Bitcoin walutą rezerwową świata?
- Gdyby nie bitcoin, to infrastruktura blockchain by nie powstała. O bitcoinie coraz częściej się mówi, że może wręcz zostać walutą rezerwową świata. Bo raz zdefiniowana emisja pieniądza, niezmienialna decyzjami polityków, odporna na manipulacje poprzez dodrukowywanie, sama w sobie stanowi wartość. Nie należy odrzucać kryptowalut – zaznacza ekspert EY.
Zresztą blockchain może mieć ten inne zastosowanie w świecie finansów. Jakie? Tego jeszcze dokładnie nie wiadomo, na jego podstawie może zostać choćby stworzony zupełnie nowy system płatniczy. Dlatego w 2015 roku 45 globalnych instytucji finansowych, w tym Bank of America, JP Morgan, Goldman Sachs, czy Deutsche Bank powołało konsorcjum R3. Cel? Na razie badają, co da się zrobić. Na razie jeszcze nic z tego nie wynika.
- Firmy fintechowe i cały obrót kryptowalutami z perspektywy banków stanowi zagrożenie – uważa Tomasz Kibil. - Instytucje finansowe nie mogą ignorować tego rynku. Dlatego nawet nie mając dobrego pomysłu, jak tę technologię mogłyby wykorzystać, muszą jakoś w niej uczestniczyć i budować wiedzę, żeby lepiej poznać wroga – uważa ekspert EY.
Nie chodzi o twierdzę
Z drugiej strony blockchain dla banków to szansa na zwiększenie bezpieczeństwa.
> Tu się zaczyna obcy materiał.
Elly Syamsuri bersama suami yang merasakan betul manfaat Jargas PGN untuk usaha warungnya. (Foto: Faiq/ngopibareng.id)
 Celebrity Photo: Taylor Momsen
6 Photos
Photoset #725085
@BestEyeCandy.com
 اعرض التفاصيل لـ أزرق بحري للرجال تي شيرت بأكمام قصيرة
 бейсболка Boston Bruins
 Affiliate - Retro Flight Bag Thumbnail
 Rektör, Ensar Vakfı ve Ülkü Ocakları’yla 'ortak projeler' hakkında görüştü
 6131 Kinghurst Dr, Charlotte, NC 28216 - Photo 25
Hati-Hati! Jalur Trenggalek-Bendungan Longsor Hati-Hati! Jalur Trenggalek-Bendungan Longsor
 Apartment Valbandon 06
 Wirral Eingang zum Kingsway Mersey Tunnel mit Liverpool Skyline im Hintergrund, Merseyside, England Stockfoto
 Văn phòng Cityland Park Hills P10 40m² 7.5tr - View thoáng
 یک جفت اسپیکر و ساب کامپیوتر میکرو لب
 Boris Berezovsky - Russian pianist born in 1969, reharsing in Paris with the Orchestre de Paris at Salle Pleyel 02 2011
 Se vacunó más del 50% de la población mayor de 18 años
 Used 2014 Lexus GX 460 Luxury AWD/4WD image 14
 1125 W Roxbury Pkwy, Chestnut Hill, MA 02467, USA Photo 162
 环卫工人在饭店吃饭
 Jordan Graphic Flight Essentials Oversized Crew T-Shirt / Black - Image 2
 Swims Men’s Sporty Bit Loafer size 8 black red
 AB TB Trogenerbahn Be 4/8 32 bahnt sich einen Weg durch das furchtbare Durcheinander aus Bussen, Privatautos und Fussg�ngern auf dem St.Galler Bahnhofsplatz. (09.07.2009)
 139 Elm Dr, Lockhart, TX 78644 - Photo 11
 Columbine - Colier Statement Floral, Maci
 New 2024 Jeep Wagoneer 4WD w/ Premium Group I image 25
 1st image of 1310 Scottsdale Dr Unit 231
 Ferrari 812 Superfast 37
Zresztą nie tylko dla nich, ale również dla państwa, które w ten sposób może zabezpieczyć infrastrukturę krytyczną.
Gdyby na przykład system energetyczny opierał się na blockchainie, wizja, jaką opisał swoimi thrillerze Marc Elsberg, byłaby niemożliwa.
- Kiedyś przyjęto założenie, że da się stworzyć twierdzę, ale przykład Stuxneta, czyli wirusa, który zaatakował irańskie wirówki pokazał, że to na nic, kiedy pojawi się człowiek i tego wirusa wprowadzi do systemu za pomocą pendrive'a. To zmieniło filozofię myślenia o zabezpieczeniach. Dziś mówimy o tym, żeby mieć możliwość odtworzenia poprawnej pracy w przewidywalnym czasie – podkreśla Tomasz Kibil.
- Bank, który wiedziałby, kiedy wprowadzono do jego systemu złośliwy kod i miałby kopię danych z poprzedzającego okresu, nie upadłby, bo byłby w stanie szybko wszystko odtworzyć i się podnieść - wyjaśnia.
Takie zabezpieczenie w Polsce z pewnością nie pojawi się szybko, ale zdaniem eksperta w ciągu najbliższych pięciu lat być może już tak.
- A może po prostu musi upaść z tego powodu jakiś bank, żeby zmieniły się priorytety. I szczerze mówiąc, wolałbym, żeby upadł bank niż zdarzył się blackout – konkluduje Kibil.